Gatwick chief operating officer Chris Woodroofe said police had not wanted to shoot the devices down because of the risk from stray bullets.

Woodroofe added: “If we were to reopen today, we will first repatriate passengers who are in the wrong place which could take several days.”

Incoming planes were diverted to other airports including London Heathrow, Luton, Birmingham, Manchester, Cardiff, Glasgow, Paris and Amsterdam.

easyJet said it had been forced to divert a number of flights due to land at London Gatwick to other airports across the UK.

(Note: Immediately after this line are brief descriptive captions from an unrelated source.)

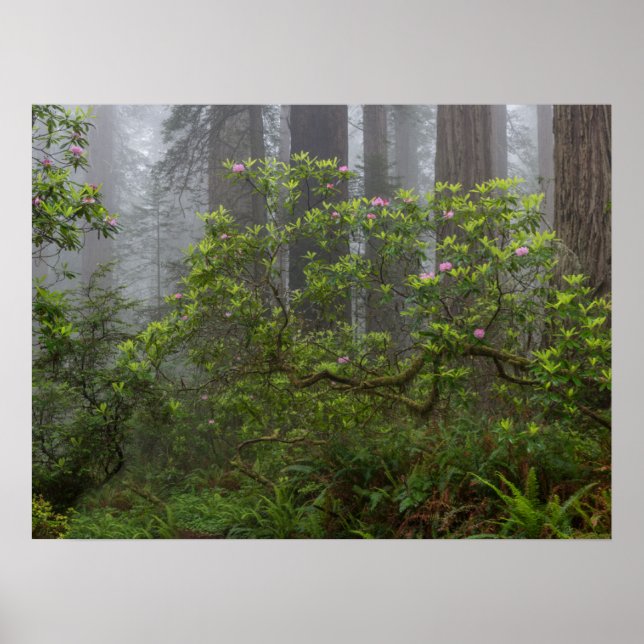 Rhododendron in Redwood National Park California Poster (Front)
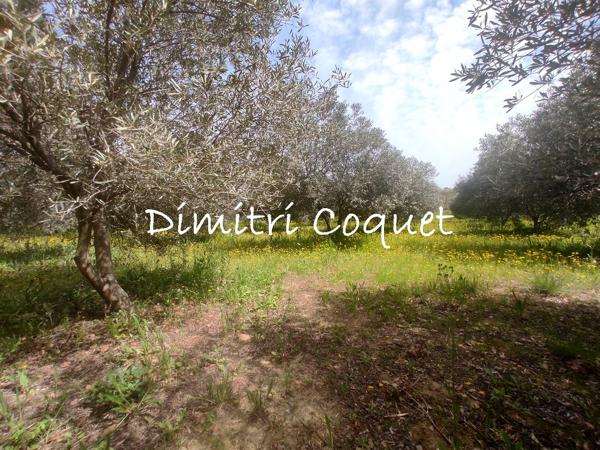 Rare, oliveraie sur 1,2 ha avec accès à l'eau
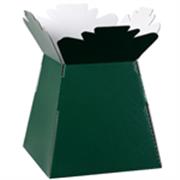 Bouquet Box Glossy DK Green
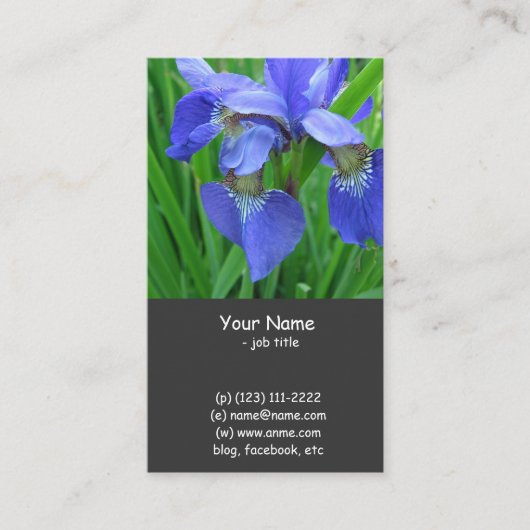 Blaue Iris-Blume Visitenkarte (Vorderseite)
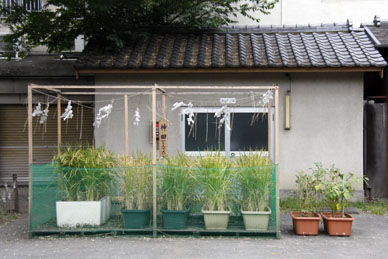 写真000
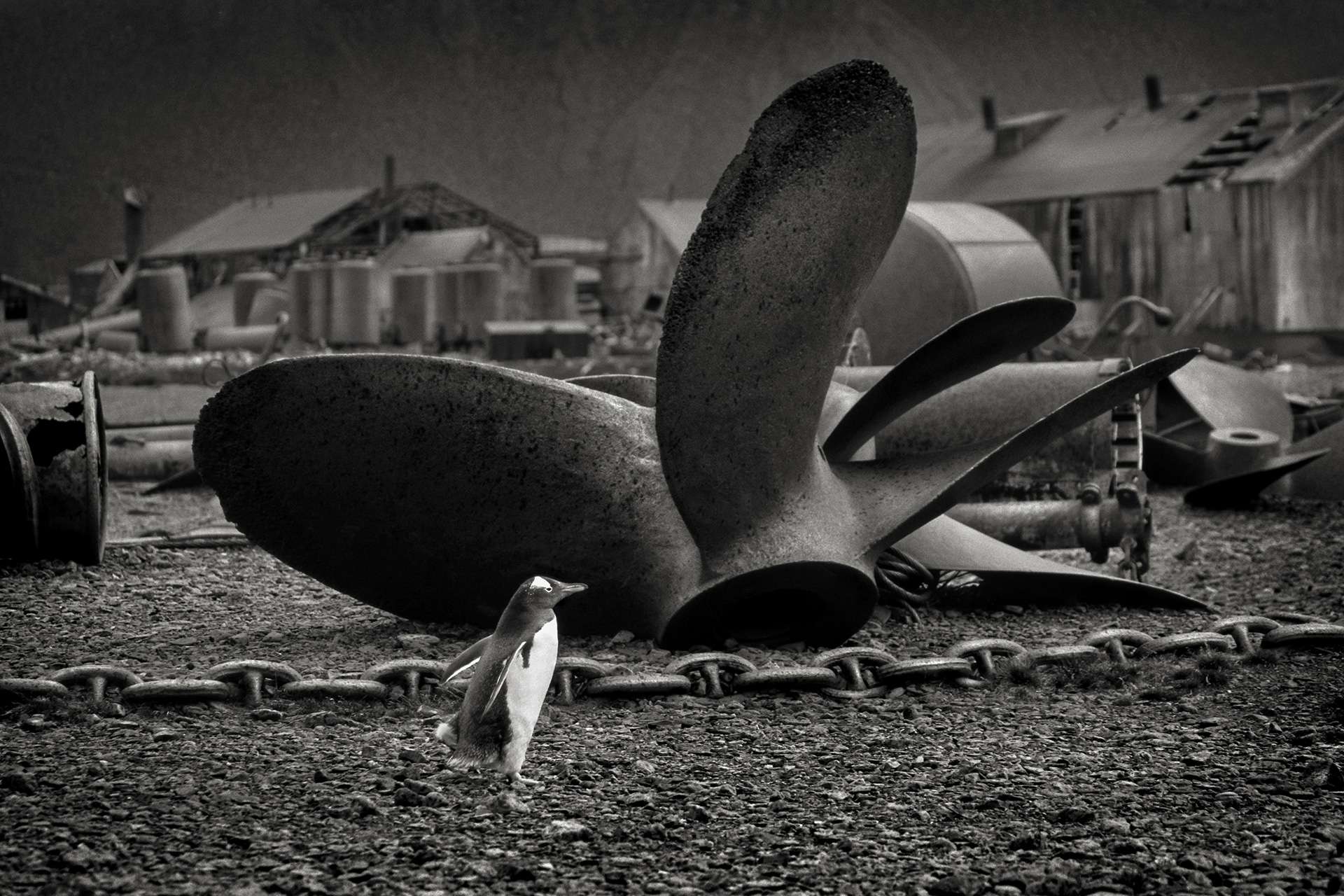 Photographie de Gilles Martin : manchot Papou d'Antarctique, Struggle for life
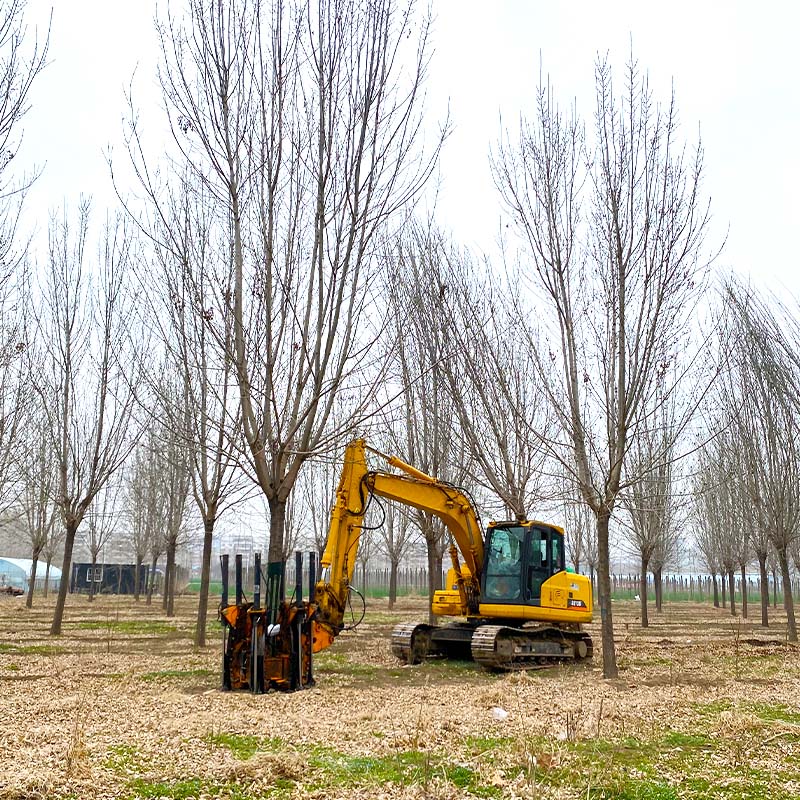 चीन चांगकिंग स्पीड स्पेड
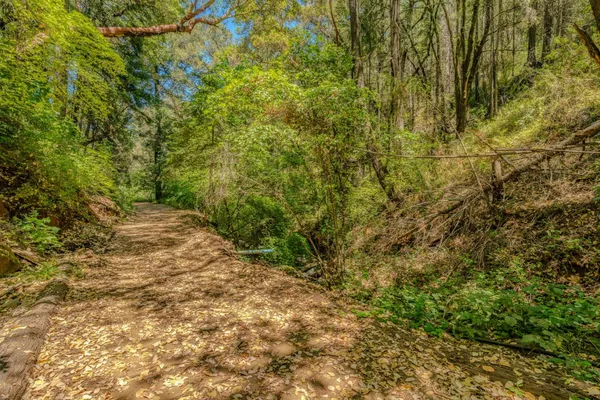 $325,000 | 18200 Chester's Place, Pine Grove, CA 95665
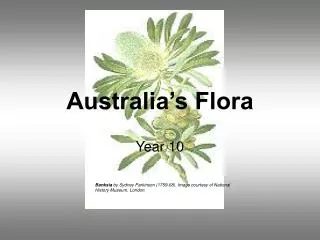 Australia’s Flora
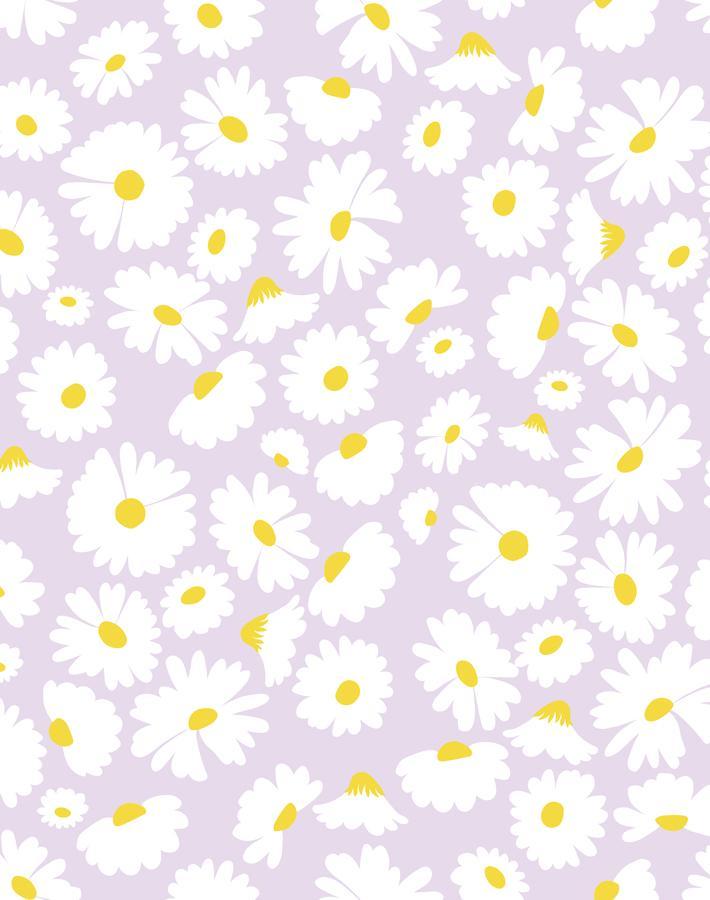 pop daisy lavender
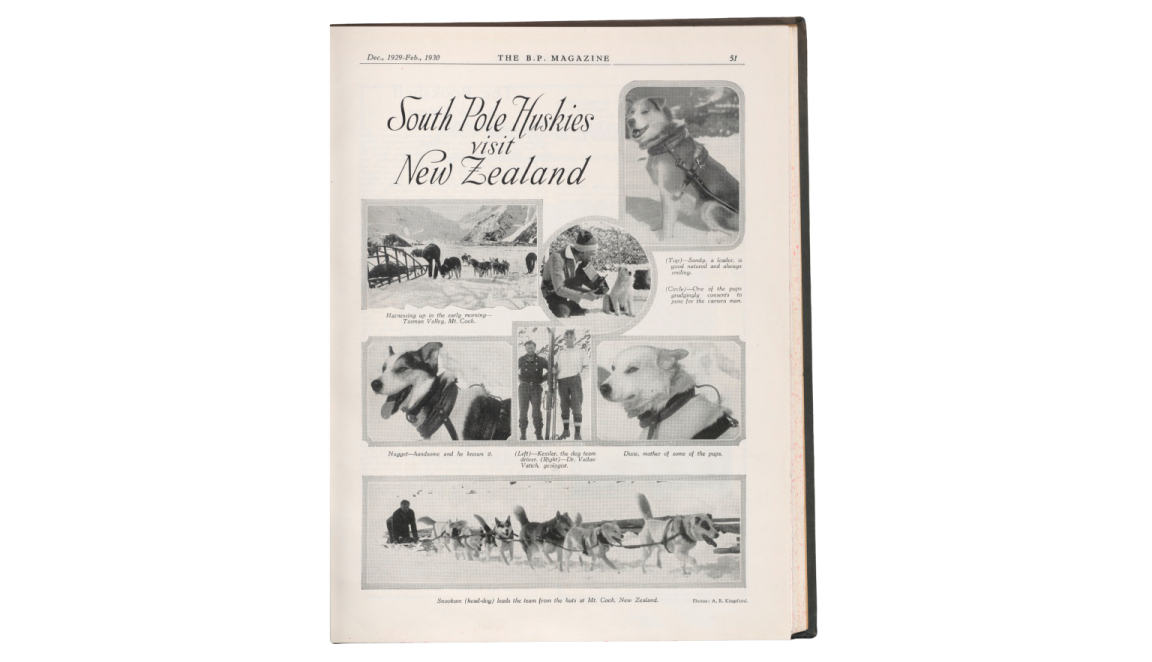 article about South Pole Huskies visiting New Zealand
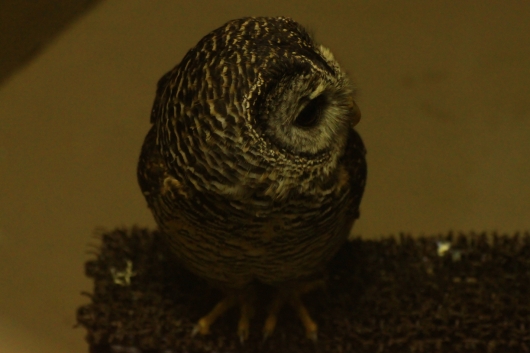 アカアシモリフクロウ
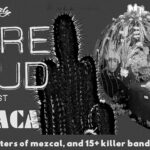We’re Loud Fest: punk, garage y surf en Puerto Escondido, conoce el cartel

In a statement the low-cost carrier added: “As a result of this aircraft and crew remain out of position at airports away from London Gatwick, which has resulted in a number of cancellations this morning. 

“Additionally, due to there being restrictions in place on the number of aircraft movements at Gatwick, there are further cancellations and delays today are expected to flights operating to and from London Gatwick.”

easyJet urged passengers to check the status of their flights before travelling to the airport.

The carrier continued: “easyJet has offered affected passengers who were diverted last night ground transportations to reach London Gatwick and hotel accommodation was provided for those who required it.”

Passengers who arranged their own transportation, will be reimbursed by easyJet, the carrier advised, while customers on cancelled flights will be entitled to a free of charge transfer to an alternative flight.

Commenting on the unfolding incident, Alex Neill, Which? managing director of home products and services, said: “This situation will understandably be frustrating for both the airlines and the tens of thousands of passengers travelling to and from Gatwick ahead of Christmas.

“While these extraordinary circumstances unfortunately mean you are not entitled to compensation, you may still be entitled to meals, refreshments, hotel accommodation or transfers.

“You don’t have to cancel your tickets though, as depending on the length of the delay, your airline should be providing you with alternative travel options or accommodation.”